L’occupazione di Palazzo Nuovo è finita: facciamo il punto

Nel corso della storia si sono susseguiti diversi periodi durante i quali gli studenti di tutto il mondo hanno preso l’iniziativa di occupare le università. In Italia è successo nel ’68 – che fu un’ondata globale di proteste – poi nuovamente con il Movimento del ’77 e, alla fine degli anni Ottanta, con quello della Pantera, due casi specificamente italiani. Si tratta di una modalità con la quale gli studenti diventano protagonisti di rivendicazioni di diverso tipo, che possono andare dalla denuncia del classismo delle istituzioni scolastiche alla critica verso la pretesa neutralità dell’insegnamento universitario. Movimenti di occupazione possono nascere anche dalla protesta nei confronti di uno specifico provvedimento, come avvenne nel 1989 nel caso della riforma Ruberti.

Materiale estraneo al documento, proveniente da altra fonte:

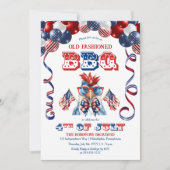 Patriottische Kip Zonnebril 4 juli BBQ Party Kaart (Voorkant)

Nel 2024, in seguito all’inasprirsi della situazione di conflitto in corso nella striscia di Gaza, alcuni studenti hanno iniziato a occupare università negli Stati Uniti come la Columbia di New York e la UCLA di Los Angeles. A partire da quel momento il movimento di occupazione si è esteso in Europa arrivando anche in Italia, dove negli ultimi due mesi sono stati occupati una ventina di atenei. A Torino l’occupazione, a partire dal 13 maggio, ha riguardato il Politecnico, la facoltà di Fisica e la sede di Palazzo Nuovo, che io ho frequentato, in quanto studentessa di Lettere, e sulla quale, per questo motivo, si concentrerà l’articolo.

Quali sono le richieste di questi studenti? In primo luogo, una presa di posizione da parte degli atenei sulla situazione in corso in Palestina. Dal lato più pratico, si tratta essenzialmente della richiesta di maggiore trasparenza riguardo gli accordi e le collaborazioni accademiche con istituzioni, aziende e università israeliane, e della rescissione di questi quando vadano a riguardare interessi bellici.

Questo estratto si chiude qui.